La Commission européenne a présenté récemment la « directive Omnibus ». En une seule proposition, plusieurs textes fièrement adoptés lors de la législature précédente vont être révisés (devoir de vigilance des multinationales (CSDDD), reporting extra-financier des entreprises (CSRD), taxonomie verte, taxe carbone aux frontières…). Ces textes obligeaient les entreprises à intégrer des préoccupations en matière de droits humains et sociaux, d’environnement. Il s’agissait là de mesures nécessaires, même si elles étaient bien insuffisantes face aux dérèglements climatiques et aux dépassements des limites planétaires, devant le bafouement fréquent de droits essentiels dans de nombreux pays et par de nombreuses entreprises[1]. En gros, avec cette directive, la Commission veut renforcer les permis de polluer, d’exploiter, de contraindre et de vendre à moindre coût sans aucune préoccupation pour la planète et toutes les espèces vivantes qui y habitent. Evidemment, nous devons attendre le vote de ce texte au Parlement européen mais c’est une marche en arrière sous la pression conjuguée des lobbys des multinationales industrielles et d’une présidence américaine qui joue à la roulette russe avec tout ce qui n’est pas dans les intérêts de quelques-uns. Même s’il existe encore une marge pour peser sur nos parlementaires européens pour qu’ils refusent de voter cette directive et qu’ils empêchent de détruire des législations essentielles.
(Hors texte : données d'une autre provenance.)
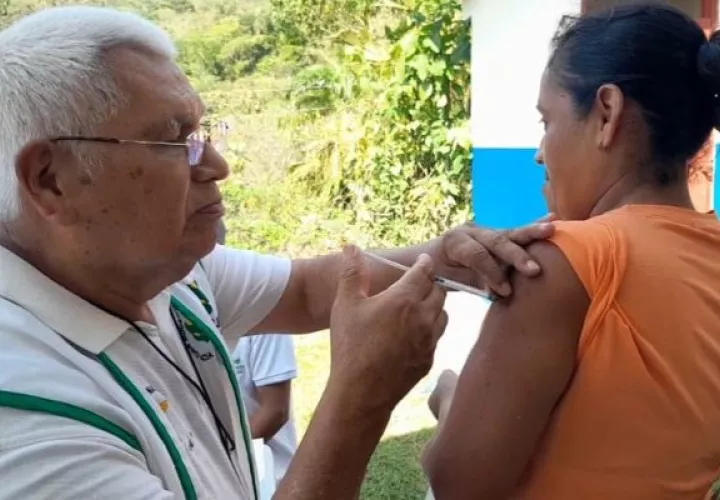 Se realizan jornadas continuas de vacunación. Foto: Cortesía Minsa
A côté de cet omnibus affiché et assumé en toutes lettres, il existe des omnibus bien plus pernicieux. Ils n’exhibent pas leurs prétentions et leurs aspirations, mais le résultat est au final le même, voire pire. Là, c’est de l’Arizona dont on parle. A aucun endroit dans l’accord de gouvernement fédéral nous ne lisons que le gouvernement va détricoter des droits des femmes. C’est seulement en analysant les conséquences des choix posés qu’on découvre les vices cachés, les attaques dissimulées, les régressions. Même si quelques propositions sont formulées pour prendre en compte la situation des familles monoparentales, ces mesures seront contrecarrées par toutes les autres décisions qui vont toucher ces femmes qui composent la très grande majorité de ces familles monoparentales. Ce n’est qu’un arbre qui cache la forêt et un emplâtre sur une jambe de bois.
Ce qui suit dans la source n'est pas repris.